Generation of glucocorticoids by 11beta-hydroxysteroid dehydrogenase isozymes in the perfused mouse hindlimb
AR Dover1,2, PWF Hadoke2, E Miller2, DE Newby1 & BR Walker2
Glucocorticoids (cortisol in man, corticosterone in rodents) can inhibit angiogenesis, alter contractile function and reduce the inflammatory response to injury in the vascular wall. These effects are regulated by the 11beta-hydroxysteroid dehydrogenases (11HSDs) which inter-convert active glucocorticoids and their inactive 11-keto metabolites (cortisone; 11-dehydrocorticosterone) within target tissues. 11HSD2 is a unidirectional, exclusive dehydrogenase which inactivates glucocorticoids whereas 11HSD1 is considered a predominant reductase in vivo. However, we have recently demonstrated significant 11HSD1 dehydrogenase activity in intact mouse aortic rings. We have developed a perfused mouse hindlimb preparation to determine whether 11HSD1 is a predominant reductase in an intact vascular bed in situ.
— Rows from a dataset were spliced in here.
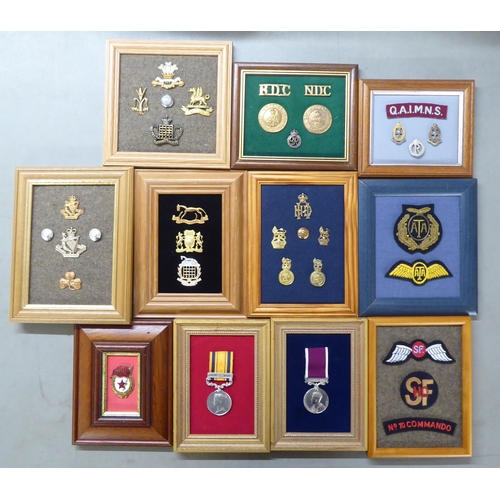 127 - Miscellaneous British regimental badges, uniform titles and associated insignia, some copies, all fr... 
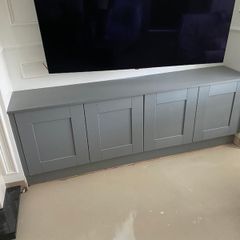 Grey shaker style media unit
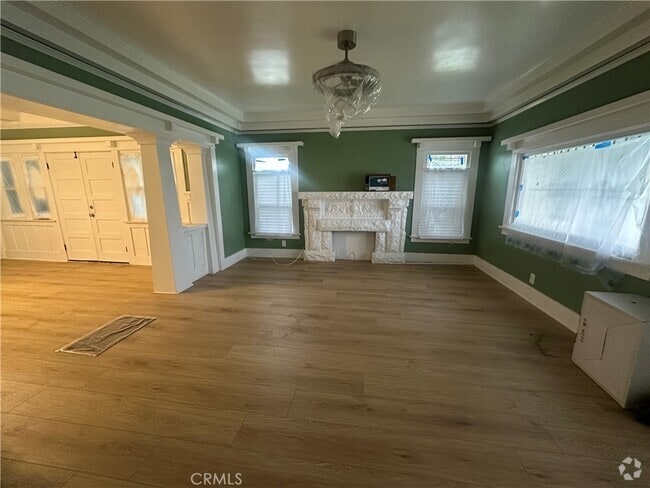 Building Photo - 1054 W 46th St Unit 1054 Rental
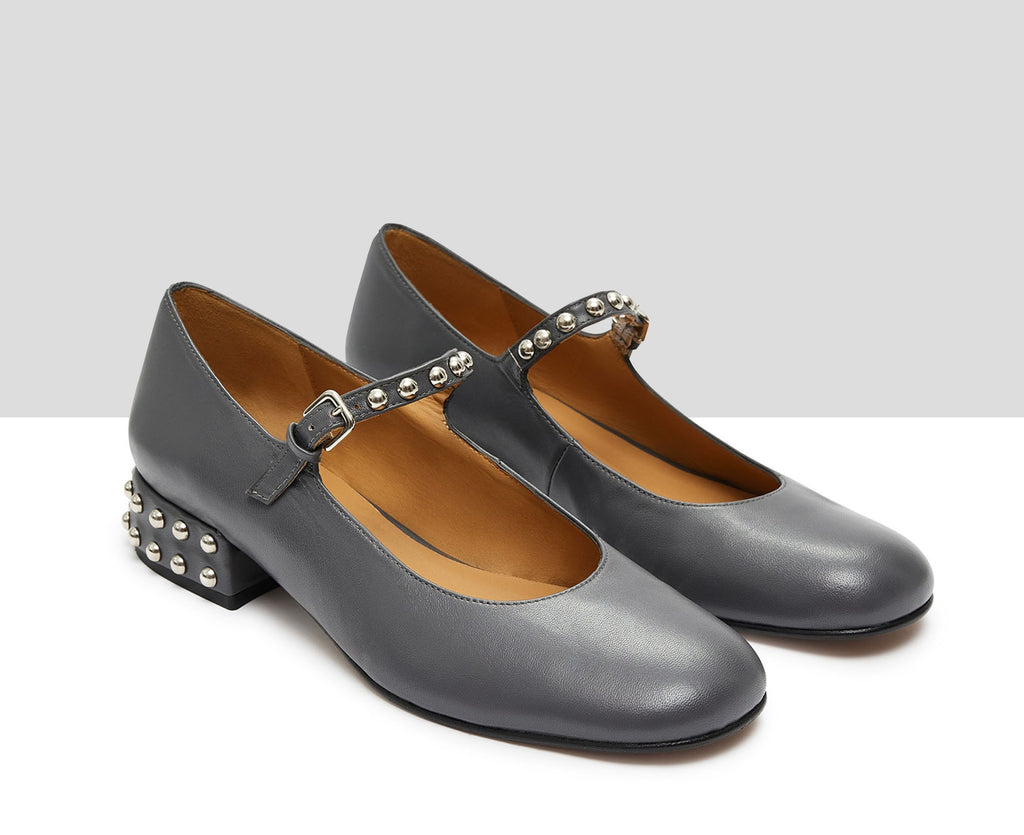 Zapato de mujer en piel con tacón bajo. Kimi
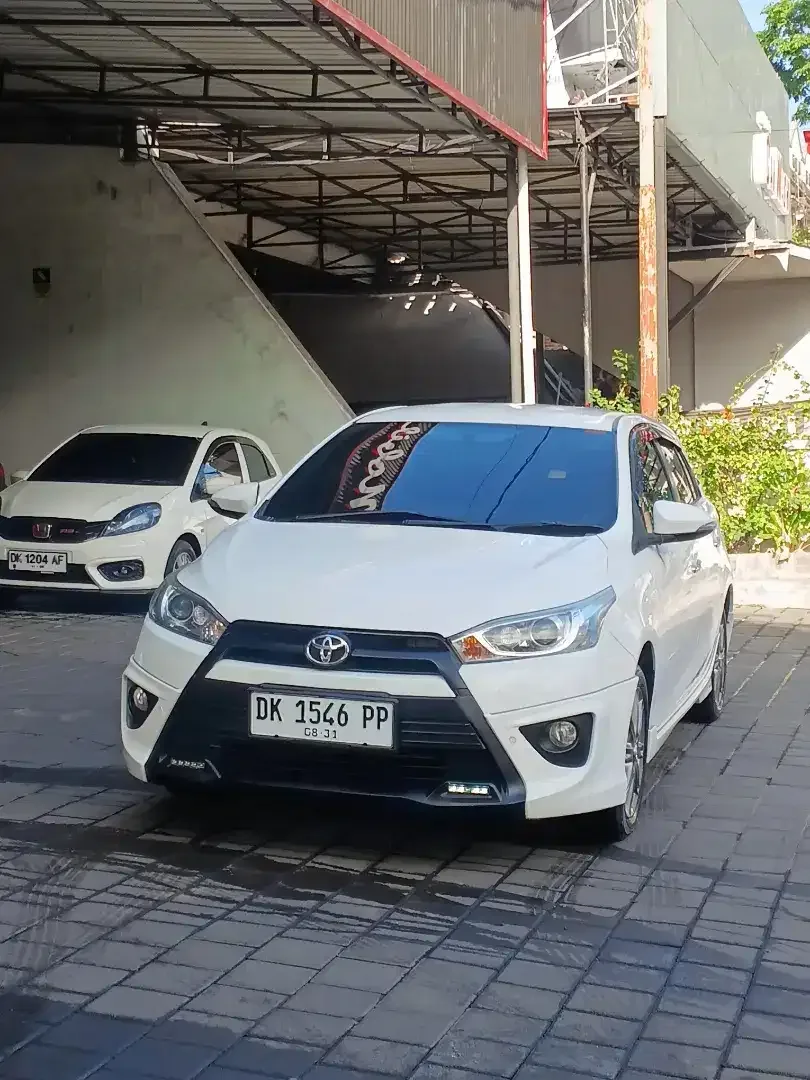 YARIS TRD Sportivo Manual Low km pajak baru siap pakai - Image 2 of 10
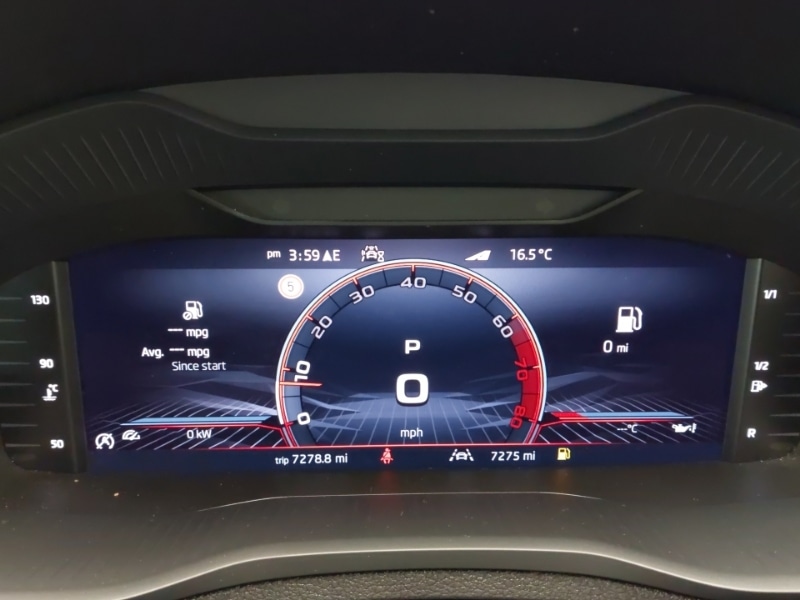 Used Skoda Karoq 2024 for sale - 76052120: Photo 11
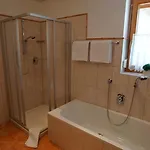 Haus Peter Schiestl Apartamento *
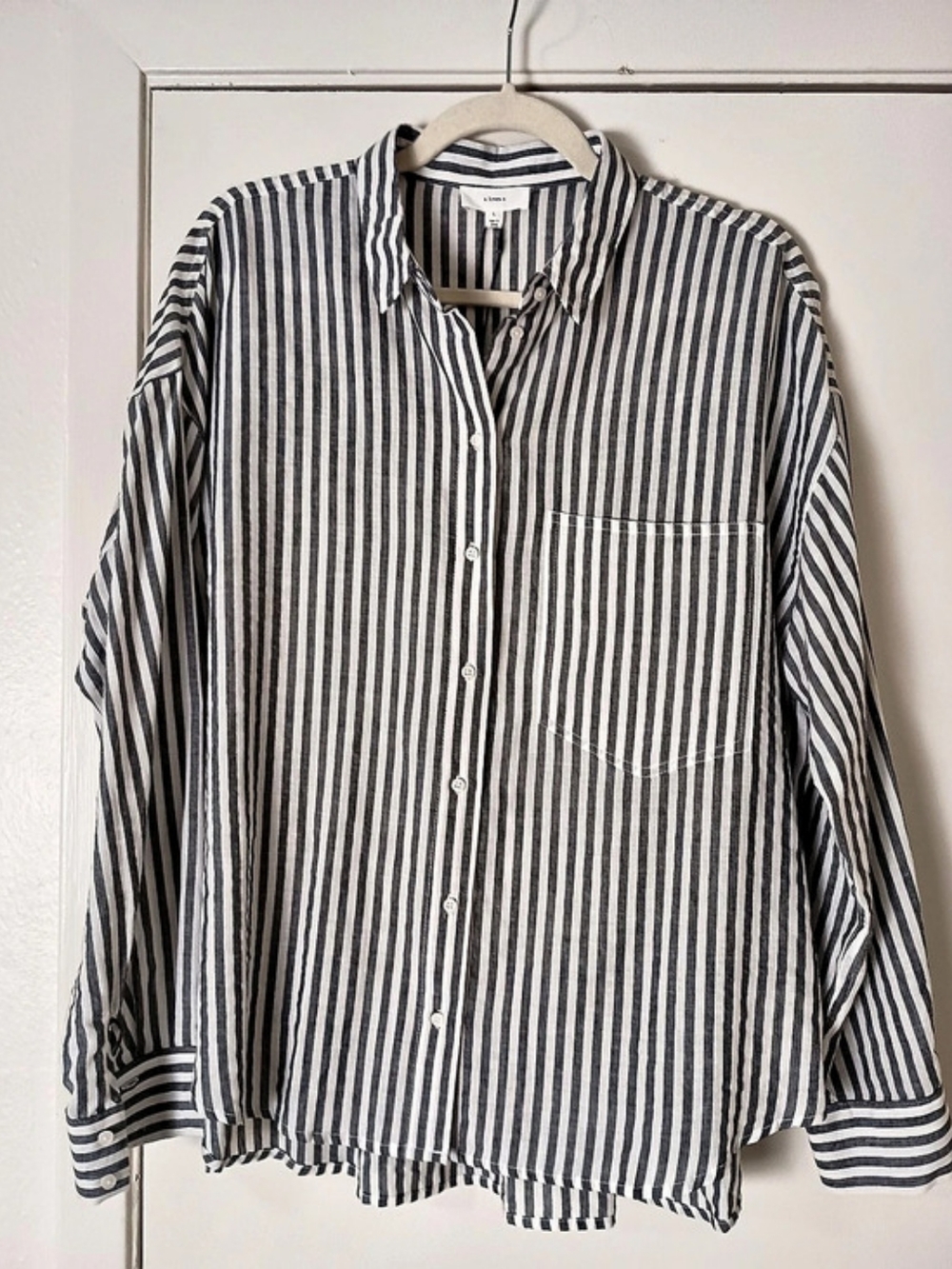a loves a Striped Cotton Blend Button Down Size Large NWT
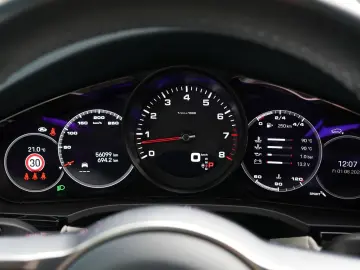 CAYENNE SPORTDESIGN-ACC-HINTERACHSL-AHK-22
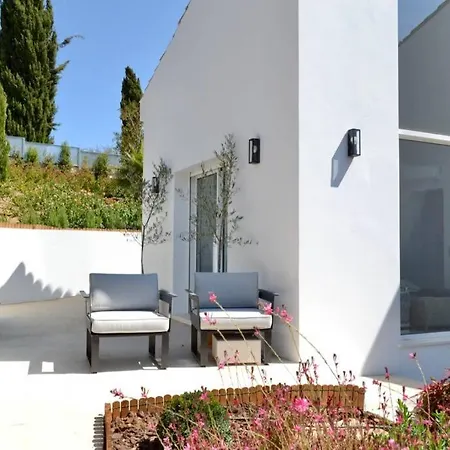 New 4 Bed Designer Villa With Pool *
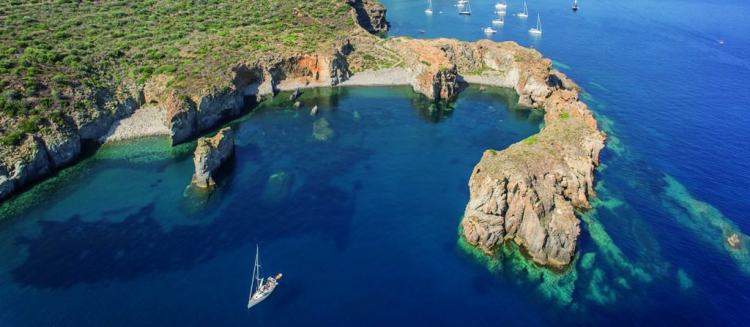 panarea-cala-junco-01-e1463994638495-1024x447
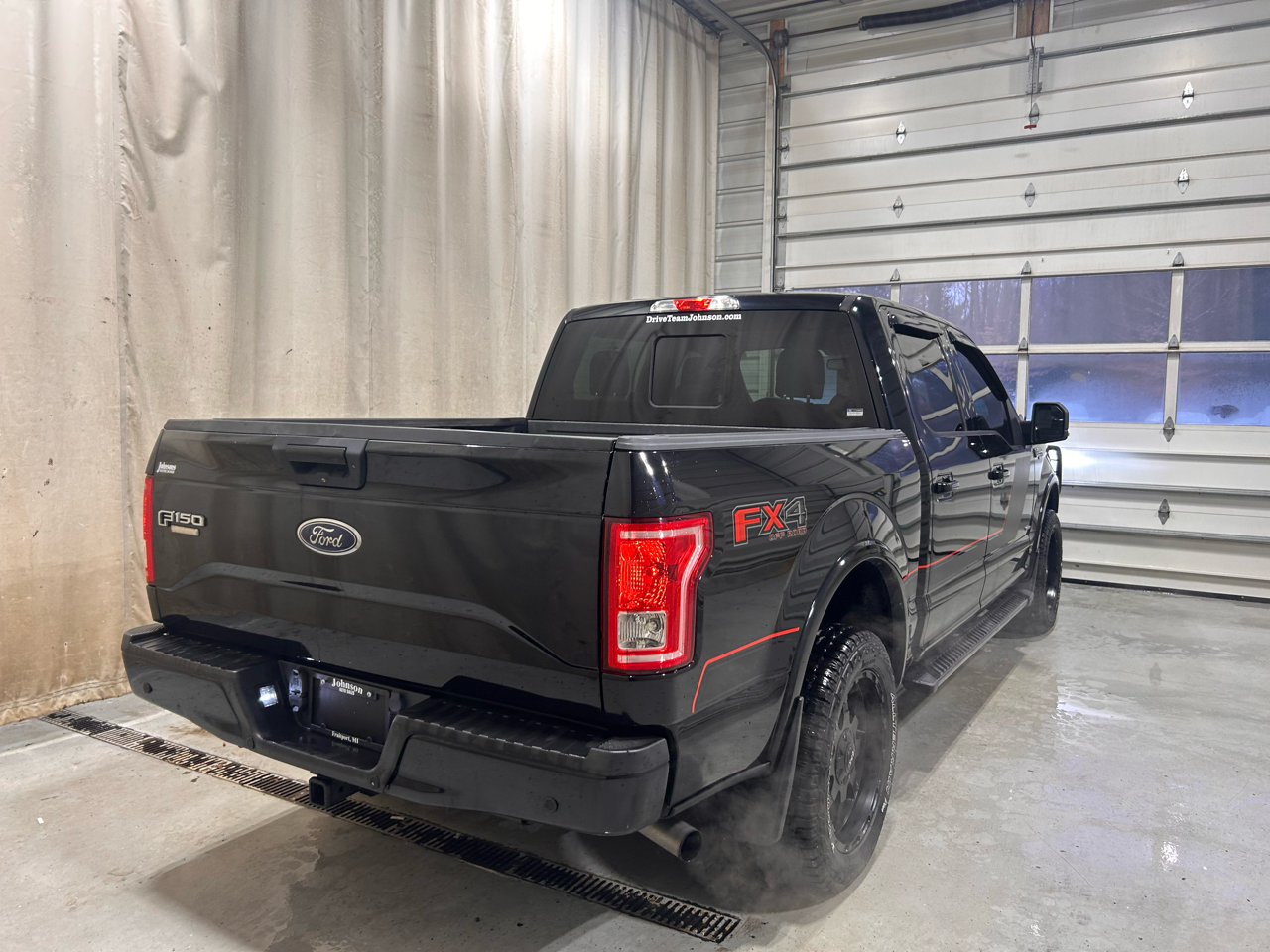 Ford F-150 4WD SuperCrew 150" FX4 2016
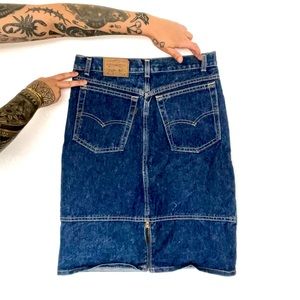 RARE vintage levi’s midi skirt with zipper hem detail 🤯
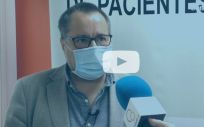 El doctor José Luis Baquero, director y coordinador científico del Foro Español de Pacientes, atiende a ConSalud TV (Foto: ConSalud.es)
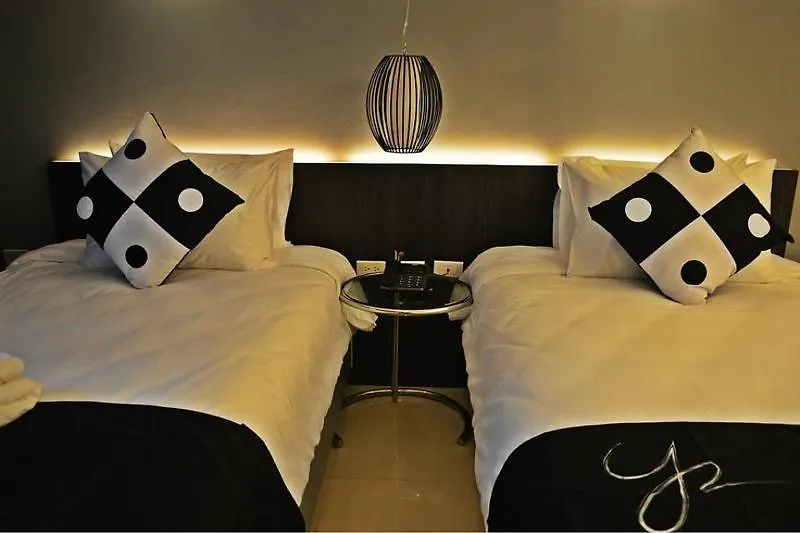 Y2 Residence Hotel Managed By Hii Makati City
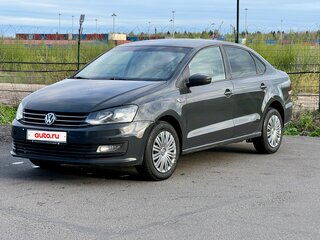 2018 Volkswagen Polo V Рестайлинг, серый, 690000 рублей, вид 1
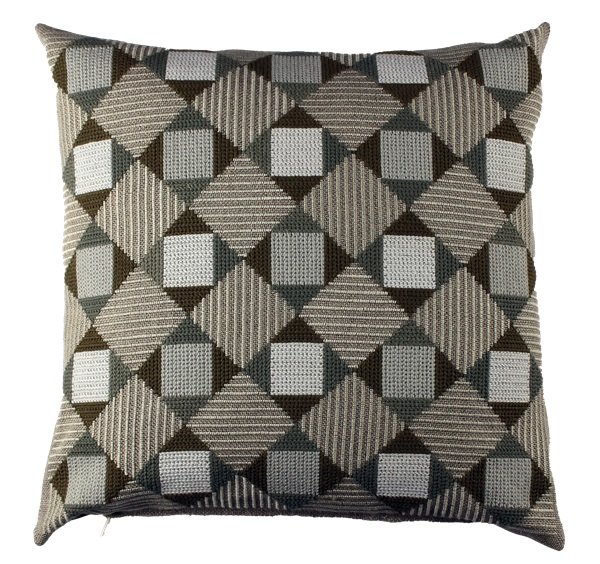 Relief - pude med broderi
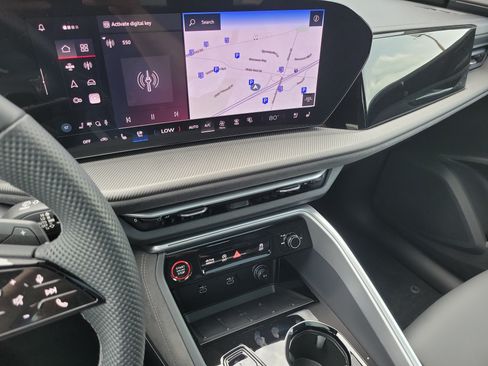 Certified 2025 Audi SQ5 Premium Plus AWD/4WD image 21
The abdominal aorta of male, C57Bl6 mice was cannulated for perfusion with oxygenated Krebs-Henseleit solution (37 degC); perfusate was collected via the vena cava. 11beta-Reductase and dehydrogenase activities were determined by infusing 5nM [3H4]-11-dehydrocorticosterone or [3H4]-corticosterone, respectively, and measuring conversion to the relevant product. To determine the relationship between substrate concentration and rate of enzyme activity for 11beta-reductase, [3H4]-11-dehydrocorticosterone was infused at concentrations of 5 -500nM. After 25 minutes perfusion, both [3H4]-corticosterone (2.72plus/minus0.16pmol/min) and [3H4]-11-dehydrocorticosterone (0.24plus/minus0.04pmol/min) were generated. From kinetic studies, the calculated Km for 11beta-reductase activity under these conditions is 1.064 micromolar. Production of [3H4]-corticosterone was abolished in 11HSD1-deficient mice. These results demonstrate that 11HSD1 is the sole reductase under these conditions. Furthermore, the comparison of reductase and dehydrogenase activities indicates that 11HSD1 is acting predominantly in the reductase direction. This novel technique for measurement of 11HSD activity will allow future investigation of the influence of 11HSD1 activity on angiogenesis, vascular function and inflammation.